Uyuşturucu madde kullanmaya
başlama genellikle ergenlik dönemidir. Madde kullanımına başlanması kişinin ilk
ailesi içindeyken olabileceği gibi, daha sonra kendi kurduğu ailesinin
içindeyken de olabilmektedir.
Anne-baba ile ilişkiler aile ilişkileri kişinin toplumsal yaşamının
belirlenmesinde önemli bir rol oynar. Ailenin çocuk yetiştirme tutumuna ait
özelliklerin, kişinin bağımlılık davranışını edinmesinde önemli bir etkendir.

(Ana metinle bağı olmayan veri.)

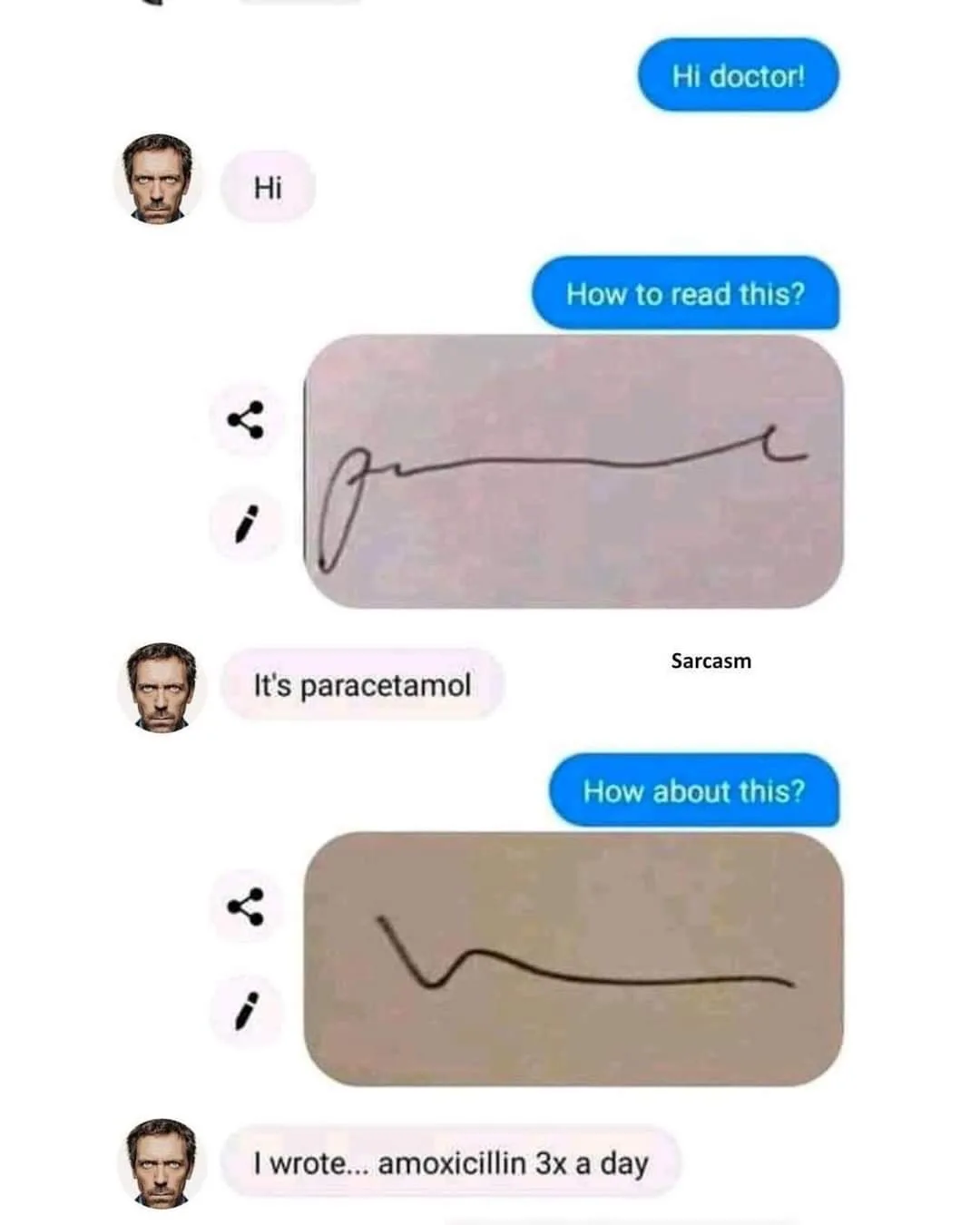 A screenshot of a text conversation where a patient asks a doctor to interpret scribbles on a prescription pad. The first…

Bu tutumlara örnek olarak aile içinde sözelleştirmenin yetersiz olması,
dürtüsel davranış örüntüsünün bulunması, gergin ve çatışmalı bir ortamın
varlığı, toplumsal desteğin eksik olması, aile içinde ödüllendirmenin yetersiz
oluşu gösterilebilir.
Anne ve babanın çocuklara
verdiği mesajların farklı ve süreklilikten yoksun hale gelmesi ile birlikte
bağımlılığa giden yol kaçınılmaz hale gelmektedir.
Ayrıca ailenin maddelere karşı olan tutumu bu konuda gencin
davranışlarını belirlemede çok etkin olmaktadır. Örneğin, anne babanın alkol
veya çeşitli ilaçları kullanma alışkanlıkları, çeşitli sorunlarla
karşılaştıklarında bunları çözmede kullandıkları başa çıkma yolları, ileride
gencin de sorunlar ile karşılaştığında bunlarla başa çıkmak için çeşitli
maddeleri kullanmasında anne babayı örnek almasına neden olabilmektedir.

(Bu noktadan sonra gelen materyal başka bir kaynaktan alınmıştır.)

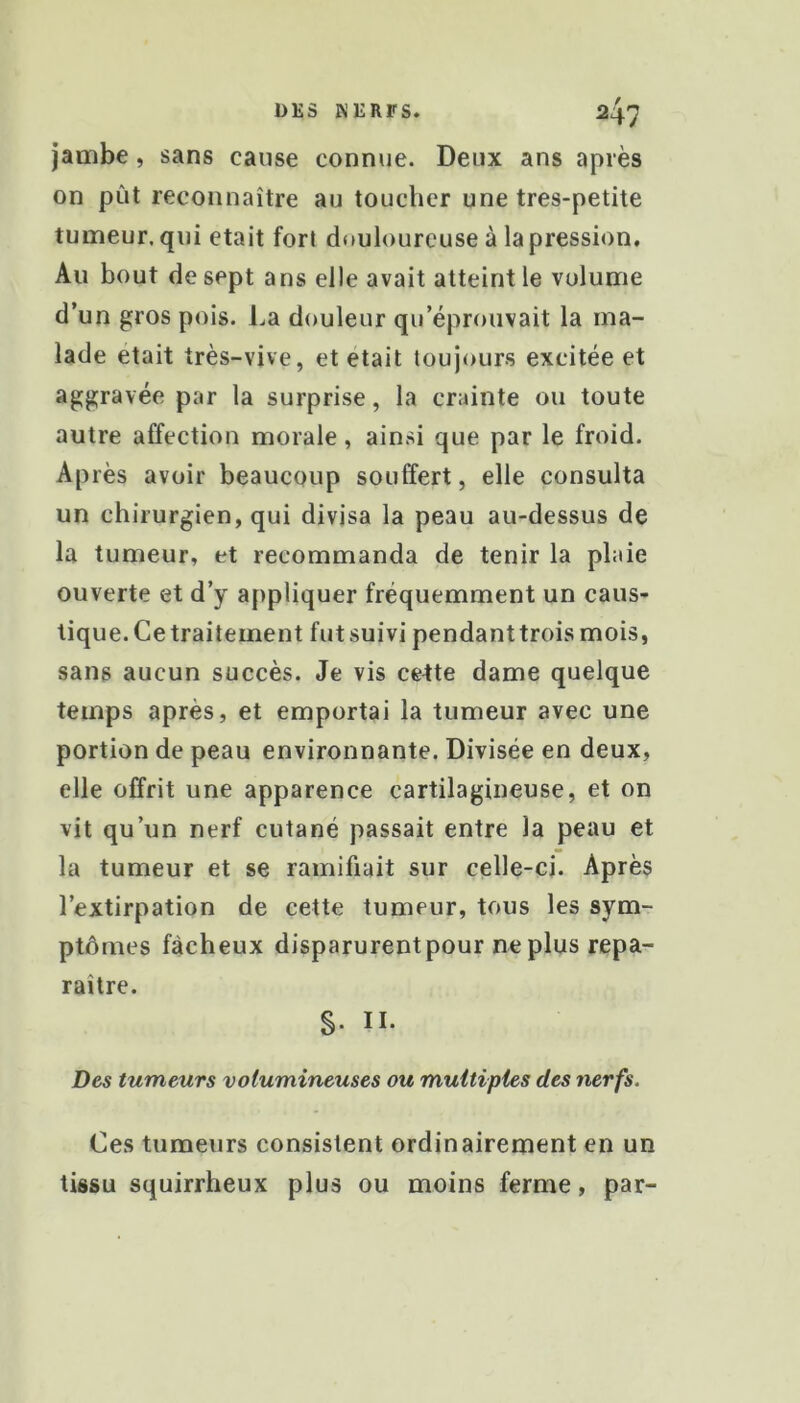 jambe, sans cause connue. Deux ans après on put reconnaître au toucher une tres-petite tumeur, qui était fort douloureuse à la pression. Au bout de sept ans elle avait atteint le volume d’un gros pois. La douleur qu’éprouvait la ma- lade était très-vive, et était toujours excitée et aggravée par la surprise, la crainte ou toute autre affection morale, ainsi que par le froid. Après avoir beaucoup souffert, elle consulta un chirurgien, qui divisa la peau au-dessus de la tumeur, et recommanda de tenir la plaie ouverte et d’y appliquer fréquemment un caus- tique. Cetraitement fut suivi pendanttroismois, sans aucun succès. Je vis cette dame quelque temps après, et emportai la tumeur avec une portion de peau environnante. Divisée en deux, elle offrit une apparence cartilagineuse, et on vit qu’un nerf cutané passait entre la peau et la tumeur et se ramifiait sur celle-ci. Après l’extirpation de cette tumeur, tous les sym- ptômes fâcheux disparurentpour ne plus repa- raître. S- II. Des tumeurs volumineuses ou multiples des nerfs. Ces tumeurs consistent ordinairement en un tissu squirrheux plus ou moins ferme, par-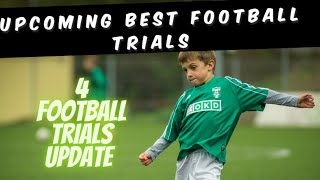 UPCOMING BEST FOOTBALL TRIALS  4 Football Trial Update 💪⚽ [upl. by Edmanda172]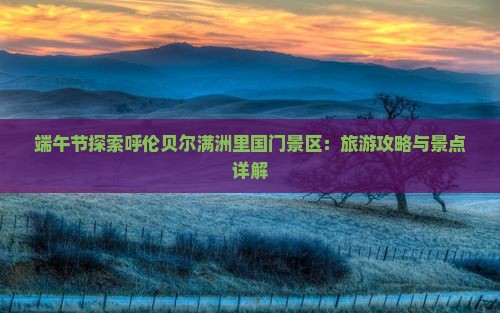 端午节探索呼伦贝尔满洲里国门景区：旅游攻略与景点详解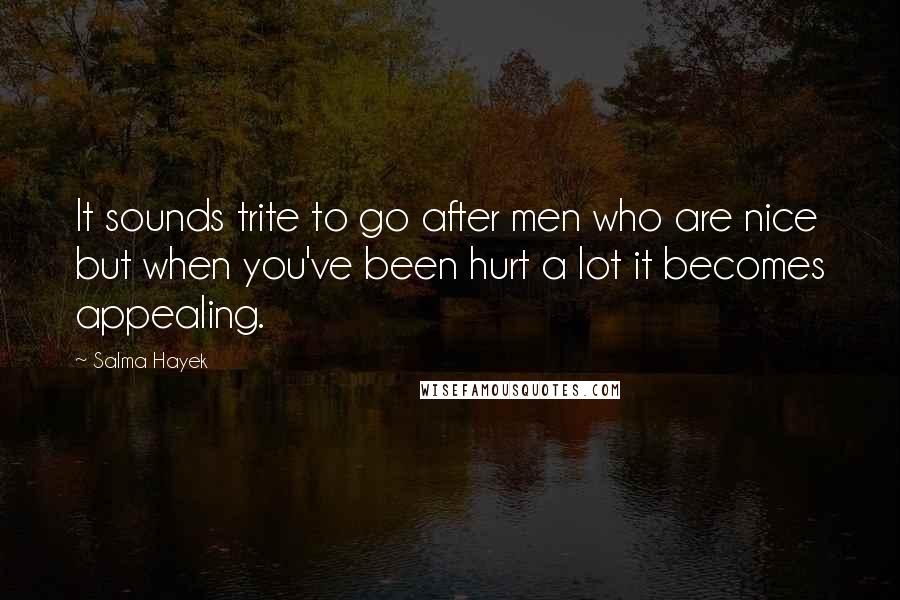 Salma Hayek Quotes: It sounds trite to go after men who are nice but when you've been hurt a lot it becomes appealing.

Anne babanın çocukla ya da kendi aralarında
kronik çatışmaların bulunmasının da madde kullanmaya başlamada önemli bir rolü
vardır. Kronik çatışmalar sonucunda sürekli olarak olumsuz duyguların ifade
edilmesi, aile bağlarının kuvvetli olmaması gibi anne-baba ve çocuk arasındaki
ilişkinin kalitesini belirleyen etmenler de madde kullanımı ile ilişkili olarak
gözükmektedir.
Çoğunlukla olumsuz duyguların ifade edildiği, sözel ödüllendirmenin
eksik olduğu ailelerde yetişen çocukların, daha az kendine güvenli oldukları ve
madde kullanımı karşısında da aynı şekilde güvensiz davranışları sonucunda
‘hayır’ diyemedikleri belirtilmektedir.
Bir diğer önemli etmen ise,
ailenin çocuğuna anne-babalık yapma biçimidir. Anne-baba çocuk ilişkisinin
niteliği, çocuğun topluma uyum becerilerini belirlemektedir. Çocuğun
gelişiminde, anne-baba tutumunun besleyici, destekleyici, denetleyici öğeleri
ve niteliği gencin ve daha sonra erişkinin davranışının alacağı yönün
belirlenmesinde önemli bir güç oluşturmaktadır. Anne-babalık yapma biçiminin
niteliğini belirleyen davranışlara örnek olarak çocuktan kapasitesine uygun
yapabileceği isteklerde bulunulması, bazı kuralların konulması, disiplin
yöntemleri, aile desteği verilebilir.
Anne ve babanın boşanması, ayrı
yaşaması gibi aile bütünlüğünü bozan etkenler de uyuşturucu kullanımı için
önemli risk etkenleri olarak bulunmuştur. Yapılan araştırmalarda uyuşturucu
madde bağımlılarının %50’den fazlasının boşanmış ailelerden geldikleri
saptanmıştır.
Madde kullanımı ve aile ilişkisi ile ilgili bilimsel literatür
incelendiğinde, ailenin kişinin uyuşturucu madde kullanmaya başlamasındaki rolü
üzerinde ağırlıklı olarak durulduğu, aile içinde bağımlı bir kişinin varlığının
ailenin diğer üyelerini etkileme şekillerinin göz ardı edildiği göze
çarpmaktadır. Ancak madde kullanımının
sonuçta tüm aileyi etkilediği ve bu kişilerde de çeşitli ruhsal ve sosyal
etkilerde bulunduğu unutulmamalıdır.